14.3% Terra Nostra (Carlos Fuentes)
11.0% La Muerte de Artemio Cruz (Carlos Fuentes)
9.4% El Amor de Los Tiempos del Colera (Gabriel Garcia Marquez)
8.8% La Casa de Los Espiritus (Isabel Allende)
7.4% Abbadon el exterminador (Ernesto Sabato)

And just for fun:

7.0% El Codigo da Divinci (Dan Brown)
6.3% Kane y Abel (Jeffery Archer)

No wonder this book is easy to read!

So my question is, does anyone else take % unknown words into account when considering what to read. And also does anyone have an opinion on the optimal % for language learning. 4.8% almost feels a little too easy, although the book is good so I will continue. 14.3% is painful, especially for reading for pleasure and I don’t think I will go anywhere near Carlos Fuentes until my Spanish has improved a bit more.

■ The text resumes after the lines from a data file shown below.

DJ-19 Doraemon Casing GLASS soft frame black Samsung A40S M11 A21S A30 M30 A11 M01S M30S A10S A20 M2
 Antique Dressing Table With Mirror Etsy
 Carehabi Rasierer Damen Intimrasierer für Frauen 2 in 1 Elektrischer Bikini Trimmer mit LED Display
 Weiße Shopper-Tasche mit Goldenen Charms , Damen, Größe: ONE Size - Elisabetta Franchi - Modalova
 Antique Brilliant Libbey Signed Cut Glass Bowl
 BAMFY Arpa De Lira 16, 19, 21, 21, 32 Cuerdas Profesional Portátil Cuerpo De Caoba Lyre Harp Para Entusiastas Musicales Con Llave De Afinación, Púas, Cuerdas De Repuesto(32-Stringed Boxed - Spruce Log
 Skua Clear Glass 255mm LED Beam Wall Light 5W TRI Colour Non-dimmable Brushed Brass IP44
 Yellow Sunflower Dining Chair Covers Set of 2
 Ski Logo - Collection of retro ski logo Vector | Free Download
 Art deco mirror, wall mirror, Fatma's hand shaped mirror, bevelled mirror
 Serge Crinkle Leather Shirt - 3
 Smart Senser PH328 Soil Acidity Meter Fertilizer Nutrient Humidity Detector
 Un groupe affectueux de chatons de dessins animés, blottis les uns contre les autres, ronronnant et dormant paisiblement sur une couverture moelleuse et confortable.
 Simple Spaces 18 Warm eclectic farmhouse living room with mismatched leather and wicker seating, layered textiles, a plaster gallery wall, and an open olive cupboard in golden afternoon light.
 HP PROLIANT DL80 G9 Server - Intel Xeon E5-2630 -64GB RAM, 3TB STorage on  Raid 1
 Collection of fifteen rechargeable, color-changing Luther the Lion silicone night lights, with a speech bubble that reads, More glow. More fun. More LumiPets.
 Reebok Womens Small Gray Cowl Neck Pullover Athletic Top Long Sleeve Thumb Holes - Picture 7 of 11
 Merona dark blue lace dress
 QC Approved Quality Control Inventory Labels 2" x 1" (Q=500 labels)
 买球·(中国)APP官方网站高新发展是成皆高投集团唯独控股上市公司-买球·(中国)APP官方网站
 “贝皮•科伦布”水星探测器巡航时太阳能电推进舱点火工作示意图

(By the way I know the simple answer is “read what interests you” but I am taking that as a basic assumption. I know, from reading him in English, that I would enjoy reading Gabriel Garcia Marquez. But at 9.4% it’s a bit of an uphill struggle.)


That’s why I’m trying to ask the LingQ team to improve the searching by the percentage. I would like to have not the checkboxes 1 - 5%, 5 - 10%, 10 - 15%, 15 - 25%, > 25% but the ability to set any range. For example, 15-19%.

I find it very important to stay motivated when the content is neither too easy, nor too hard.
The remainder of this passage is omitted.